Additionally, below is an example of different image that has

a viewing angle that is not normal:

The majority of images that I downloaded from the Google

Street View API contained issues like this.

The quality of the images I was left with was very strong,

however the image sets ended up quite small since about 85%

of the images were unusable.

Below are sample images that were used in the neural network.

Vacant:

Non-vacant:

Due to the manual work of creating each image set, I first

started out with smaller image sets and once I confirmed that

the images with better quality resulted in a more accurate

model, I increased the quantity of images in the image sets.

Since the image sets are randomly created, I needed to repeat

the process of checking all of the images every time I

increased the size of the image set.

IV. ARCHITECTURE

Convolutional neural networks, like the one used in this

research require high amounts of CPU cores to process jobs in

a time effective manner. Current quad core CPUs are too

underpowered to provide timely results from convolutional

neural network models. The key to success with convolutional

neural networks is to leverage video cards that have several

thousand CPU cores, such as Nvidia cards with CUDA cores

(Shi et al., 2018).

The research in this paper was completed in early 2018

during a time of high demand for video cards with CUDA

cores. The prices of video cards were currently double their

normal price at this time due to a massive shortage caused by

the rush on crypto currency mining.

The alternative solution I decided upon was to run my code

leveraging an AWS EC2 instance. The design diagram for this project is shown below:

I choose the p2.xlarge instance and used the deep learning

Ubuntu image. The p2.xlarge instance has 12gb of GPU

memory and 2496 parallel processing cores (1 Telsa K80

GPU). Using spot pricing, I was able to get leverage this

system at .42 cents per hour, while it would typically cost

around $1.20 per hour. The major downfall to spot pricing is

that the only way to stop your instance is to terminate it, thus

losing all of the data on your instance.

Once my instance was set up, I connected over SSH and

created directories, installed python packages, and setup

Jupyter Notebooks. I used Secure Copy to copy all of the

images I downloaded locally to my EC2 instance. Next, I

launched my EC2 instance so that local host from my instance

would be passed as my computers local host, so when I

launched Jupyter Notebooks from my instance, it would load

locally on my computer.

V. NEURAL NETWORK MODEL

The model for this project was built using Keras with

Tensorflow handling the backend processing. For all of my

model iterations, I used RELU and Sigmoid for the fully

connected layers. Additionally, I compiled the results using

the Adam optimizer (Kingma and Ba, 2018), RELU activation

(Agarap, 2018), and binary cross-entropy for loss.

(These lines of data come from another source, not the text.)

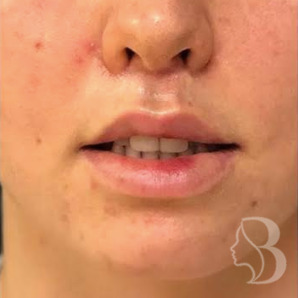 Lip lift after — refined upper lip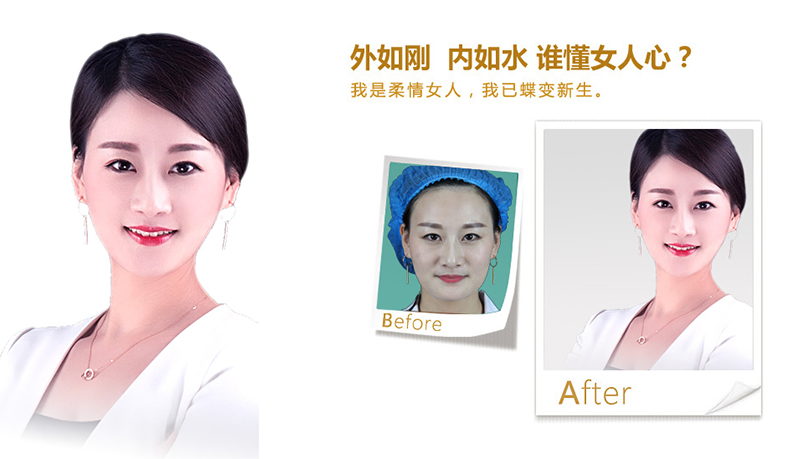 铜仁地区V脸、线雕隆鼻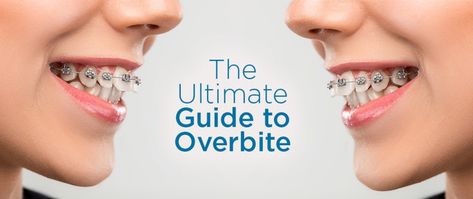 People are sometimes unaware of the difference between overjet and overbite, or are commonly confused about these two different types of dental malocclusions. Fix Overbite, Dental Check Up, Cleft Palate, Gum Recession, Jaw Pain, Cosmetic Dentistry, Dental Care, Headache, Fix It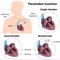 Pacemaker insertion surgery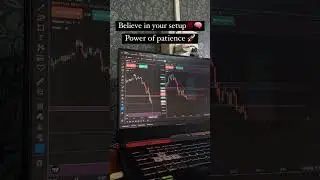 Believe in your setup | Stock Market | option strategies #trading #trending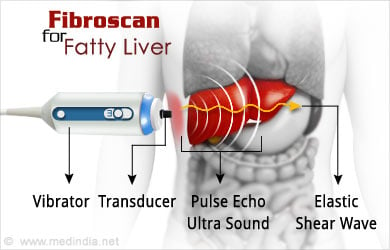 Liver Fibroscan Chart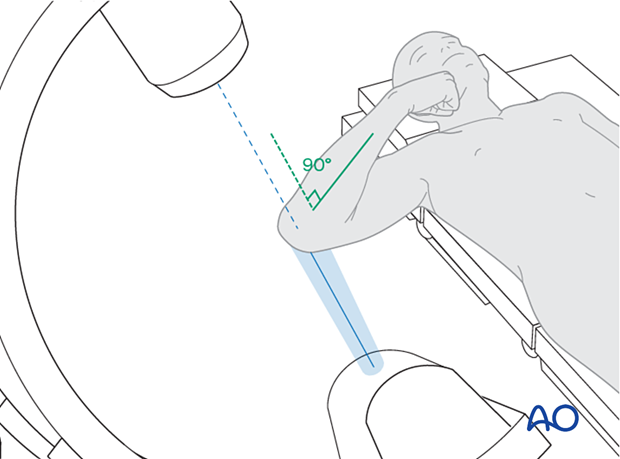 Positioning for optimal axial view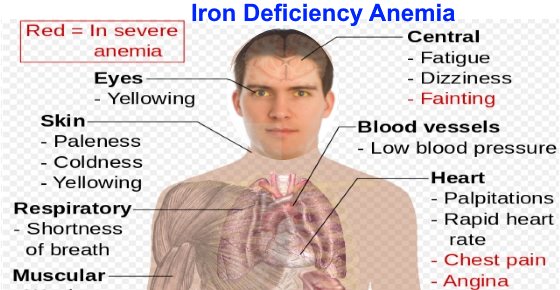 Signs Of Iron Deficiency And How To Increase Iron Levels In Your Blood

For the first version of the model I used two convolutional

layers. The first and second layers used a batch size of 32 with

a 3x3 sliding window and pooling window of 2x2. This

version used 400 steps per epoch, had 2 epochs, and 80

validation steps.

The second version of my model used a batch size of 4 with

a 11x11 sliding window and 3x3 pooling window for the first

layer, a batch size of 16 with a 6x6 sliding window and 3x3

pooling window for the second layer, and a batch size of 32

with a 3x3 sliding window and 2x2 pooling window for the

third layer. I kept the steps per epoch at 400, used 5 epochs,

and 100 validation steps. The final version of my model used a batch size of 4 with a

12x12 sliding window and 3x3 pooling window for the first

layer, a batch size of 8 with a 9x9 sliding window and 3x3

pooling window for the second layer, and a batch size of 32

with a 6x6 sliding window and a 3x3 pooling window for the

third layer.

Below is a diagram of the final iteration of the network used

for my research:

VI. RESULTS

The results from my first model yielded very poor results.

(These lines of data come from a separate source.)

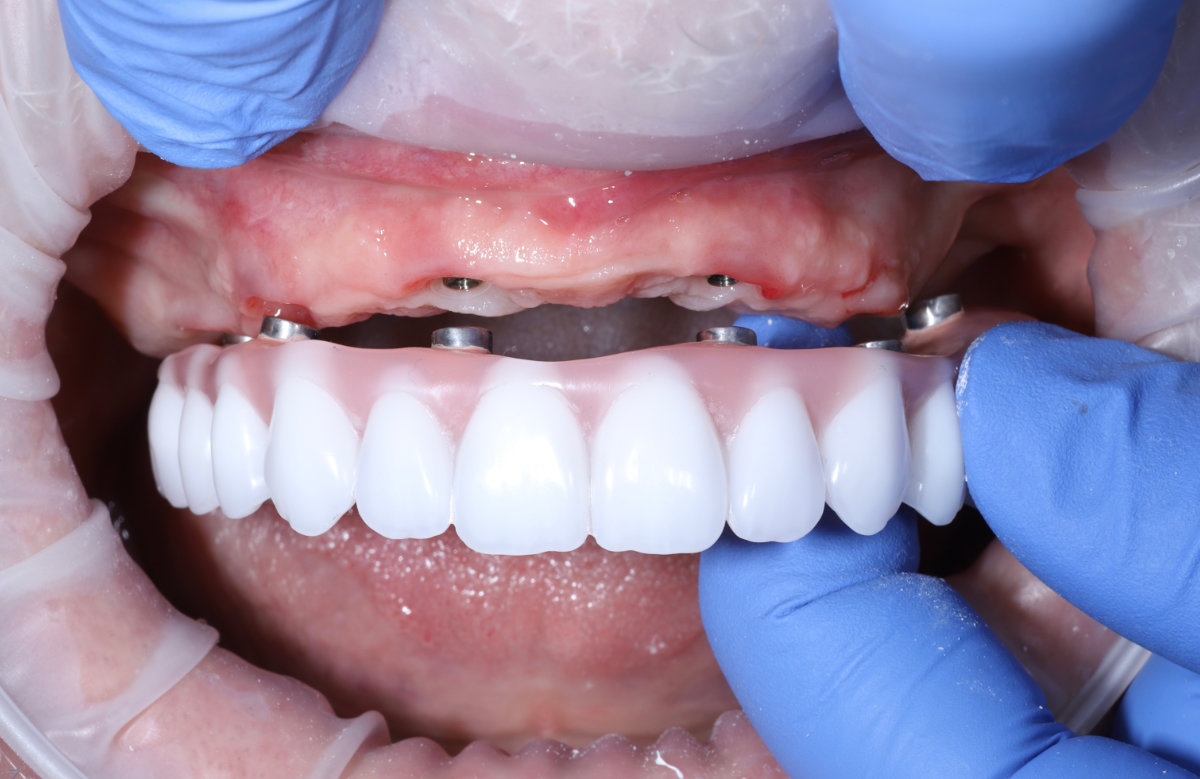 05_All on 4/6/8 frézovaná titánová priečka, kompozitné zuby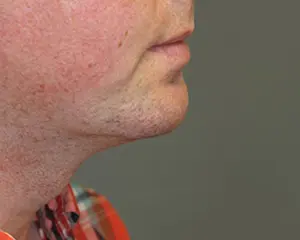 Chin Augmentation Before and After Pictures Nashville, TN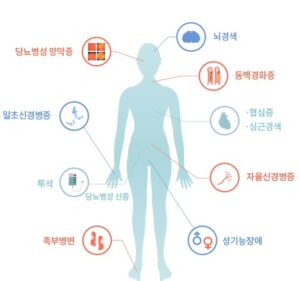 제 2형 당뇨병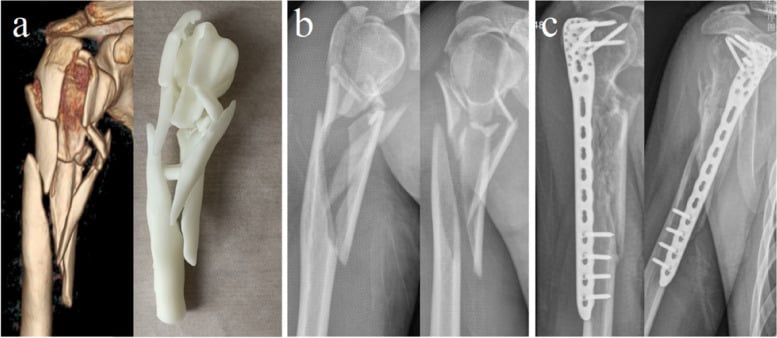 Preoperative 3D CT model and postoperative radiographs of complex humeral shaft fracture MIPO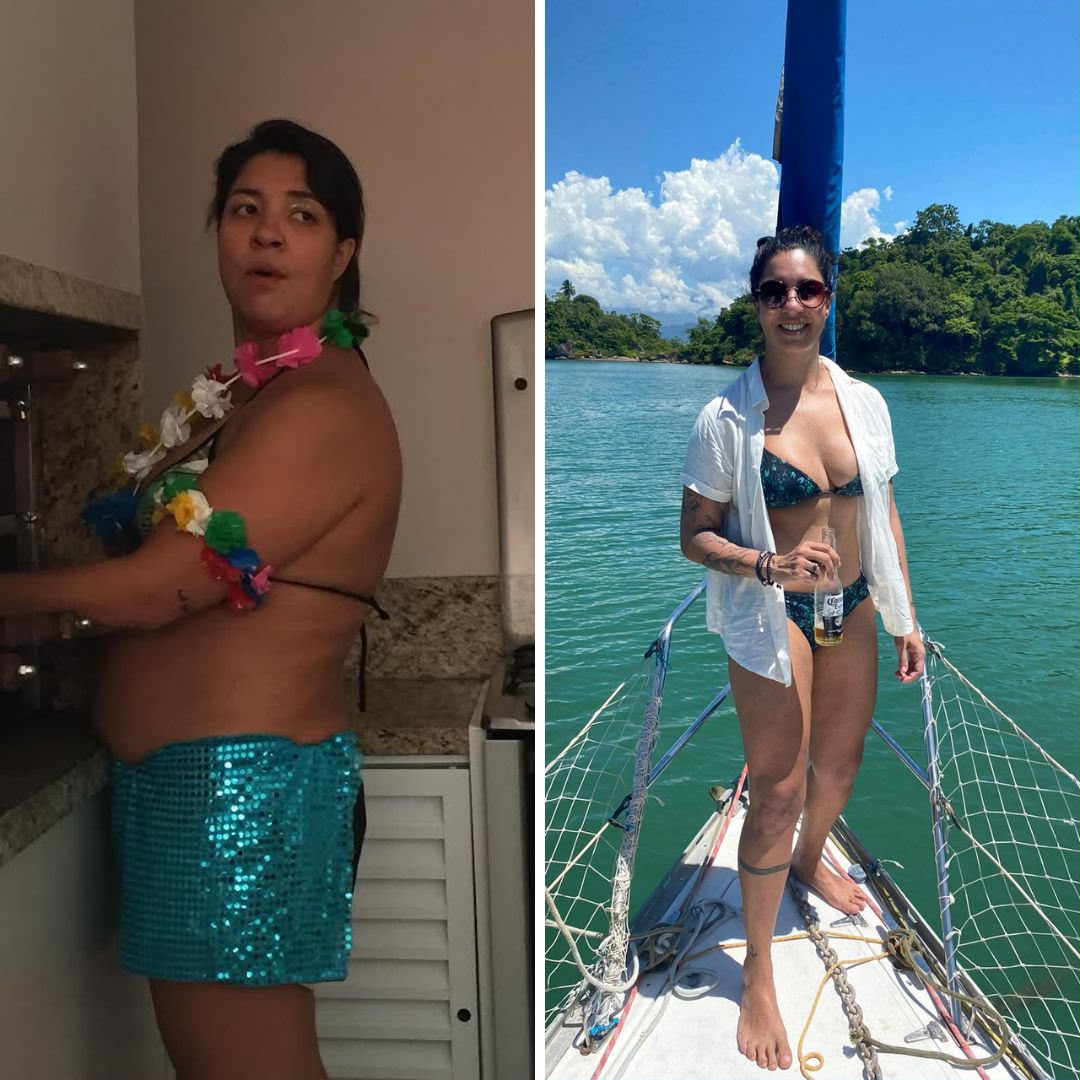 Antes e depois, caso 3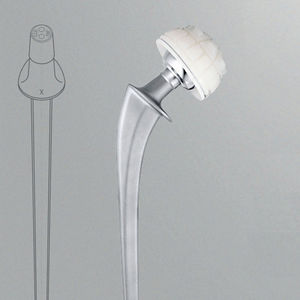 primary hip prosthesis / cemented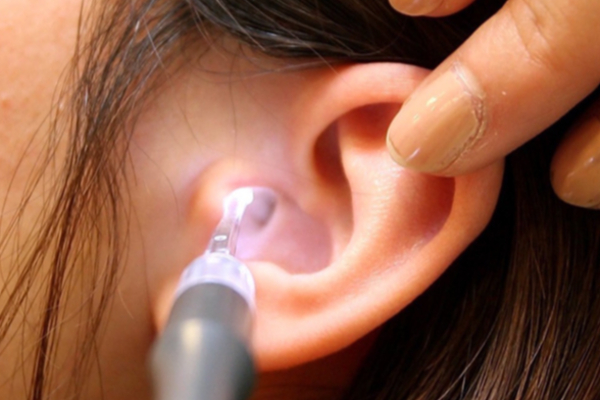 காதில் பட்ஸ் வைத்து சுத்தம் செய்பவரா நீங்கள்? இனி அந்த தவறை செய்திடாதீங்க | Ear Infection Symptoms In Tamil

After further consideration, it was apparent that the sliding

window I was using was much too small and could not pick

out the subtle details that are unique to the vacant homes.

After the first two model runs, I filtered through the pictures

and noticed some minor gains with the accuracy getting up to

52.68%. After that, I ran the model again with new images

with the second model. The initial results of this model were

better, and it achieved an accuracy of 56.38%. After parsing

out the noisy images, the accuracy increased to 65.15% with a

validation accuracy of 70.45%. In my final model run, I used

another brand-new image set, but parsed through the images

very strictly to remove unusable images. Combined with the

parameters of the new model, the results for this run had an

accuracy of 67.60% and a validation accuracy of 73.68%. The

table below shows the results for each of the model runs and

each epoch.

Model Run Epoch Accuracy

Validation Accuracy FOV

1 1 0.4991 0.5008 40

1 2 0.5003 0.4992 40

2 1 0.4985 0.4993 40 2 2 0.5026 0.4997 40

3 1 0.5268 0.5007 60

3 2 0.5227 0.4976 60

4 1 0.5626 0.6415 80 4 2 0.5616 0.6396 80

4 3 0.5638 0.6428 80

4 4 0.5598 0.6412 80 4 5 0.5634 0.6441 80

5 1 0.6496 0.7048 80 5 2 0.646 0.7035 80

5 3 0.649 0.7065 80

5 4 0.6515 0.7045 80 5 5 0.6513 0.7052 80

6 1 0.6742 0.7362 90 6 2 0.676 0.7343 90

6 3 0.6742 0.7349 90

6 4 0.6746 0.7368 90 6 5 0.6754 0.7357 90

Yellow = Model 1, Green = Model 2, Blue = Model 3

VII. CONCLUSION

This research provides some evidence that using a

convolutional neural network to classify vacant homes may be

a viable option, however there are serious caveats.

First, it appears that image quality plays a huge part in the

results of the neural network. The general image quality using

google street views was very poor. My best results required

me to manually comb through every image and in total

remove about 85% of the total image set. This was a major

hurdle to overcome because it required manual effort and

judgement, making it was difficult to get a large enough

sample size to effectively train a model. The result was often

underfitting the model, which resulted in the training accuracy

being less than the validation accuracy. Also, the major hope

from this research was to make a model that could classify

images of homes in real time, but since trees and other objects

would be in the image of the façade of the home, it is difficult

to imagine a practical application of this technology.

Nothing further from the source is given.